WHAT YOU ARE ASKED TO DO: The required result is an exact copy of every line from the one with "Skanto | Minimalistisk" through the last line below, with the pictures left out.

Short text fragments from websites:
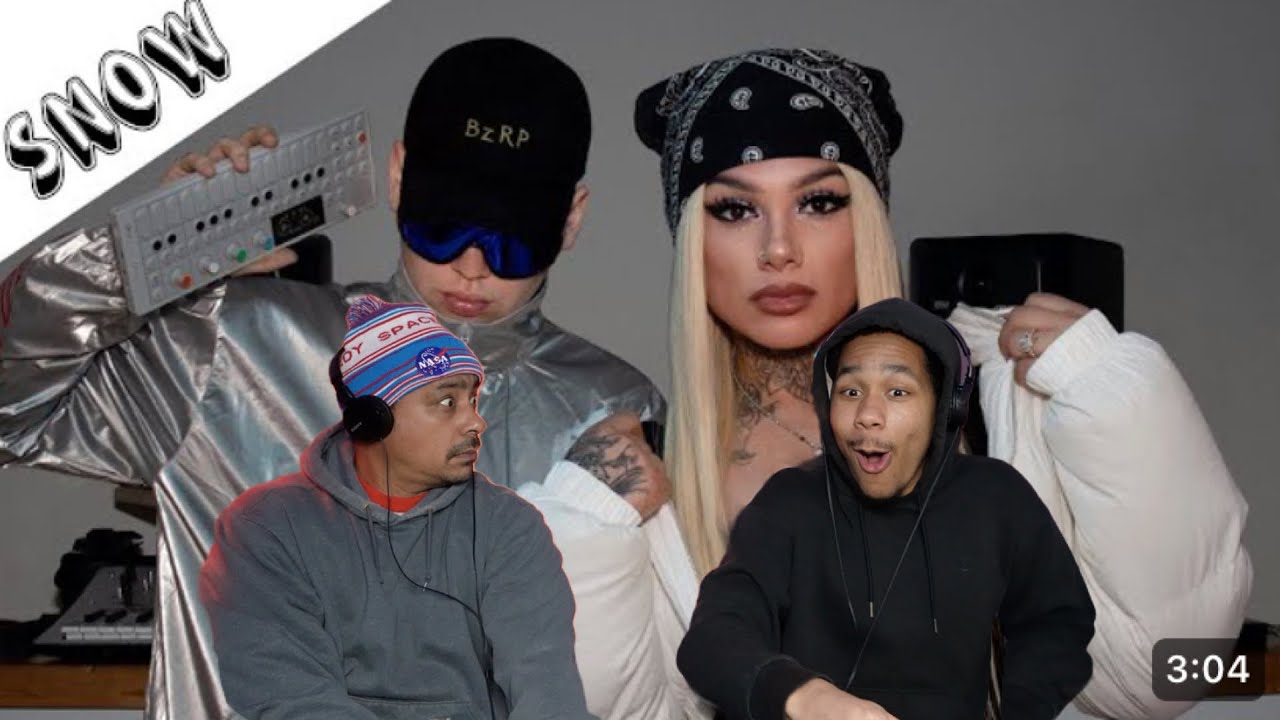 NEW YORK DAD FIRST TIME REACTING TO Snow Tha Product || BZRP Music Sessions #39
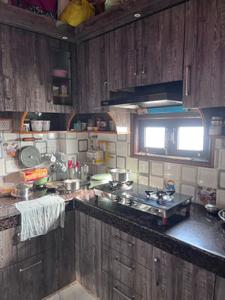 Kitchen Image of 759 Sq.ft 2 BHK Apartment / Flat for sale in Shyam Nagar Kanpur for Rs. 4400000
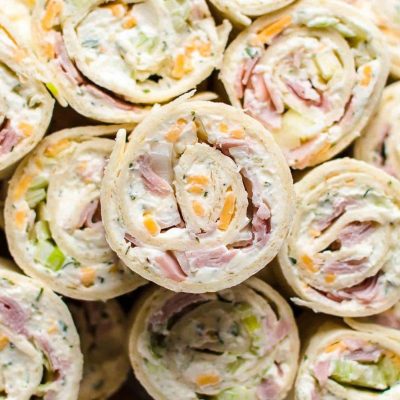 Cheesy Pinwheels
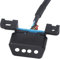 Metal OBDii Port Lock OBD 2 Plug Lockout Sturdy Metal Anti-Theft OBD Locking Cap Preventing Access to Vehicles computer via OBD 2 Port for All Cars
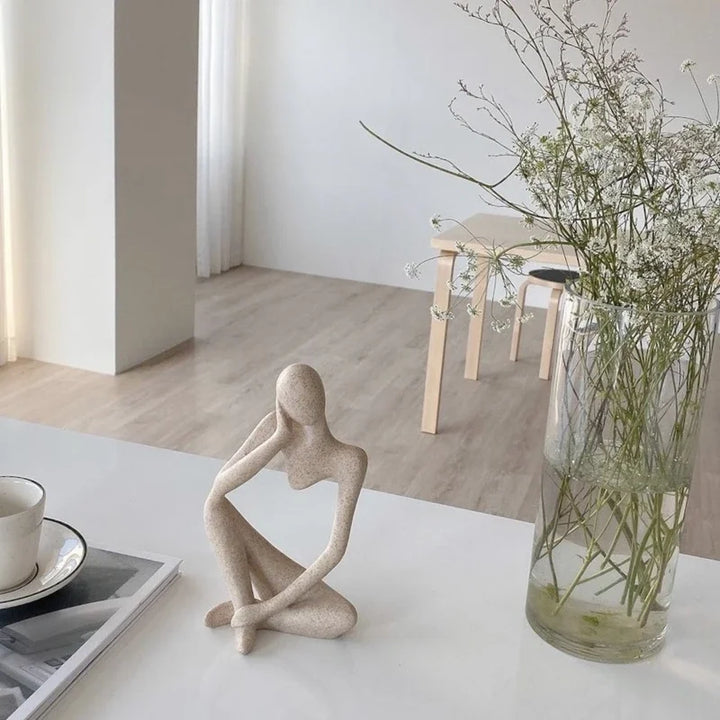 Skanto | Minimalistisk dekorasjon med abstrakt motiv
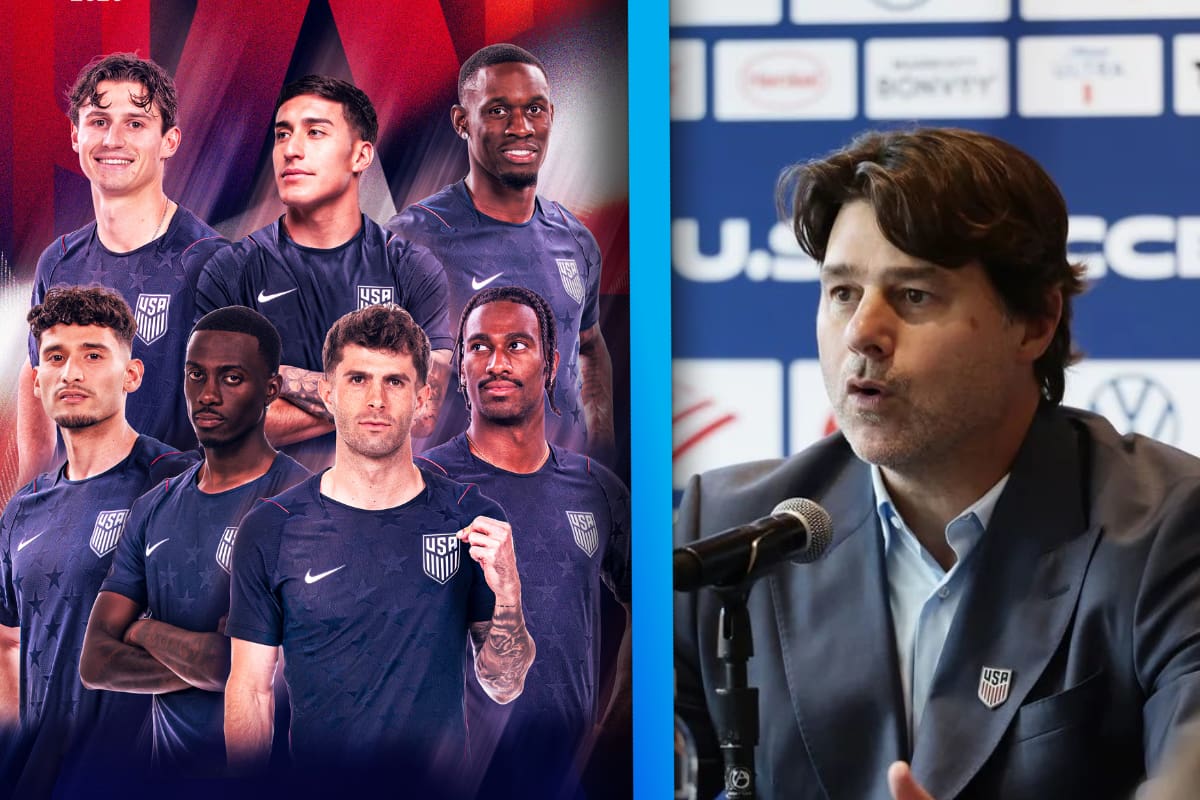Estados Unidos presenta a sus 26 convocados para la Copa del Mundo 2026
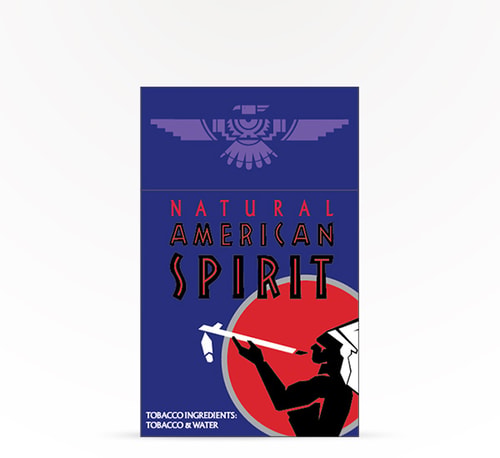 Natural American Spirit Dark Blue Pack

YOUR RESPONSE:
 Skanto | Minimalistisk dekorasjon med abstrakt motiv
Estados Unidos presenta a sus 26 convocados para la Copa del Mundo 2026
 Natural American Spirit Dark Blue Pack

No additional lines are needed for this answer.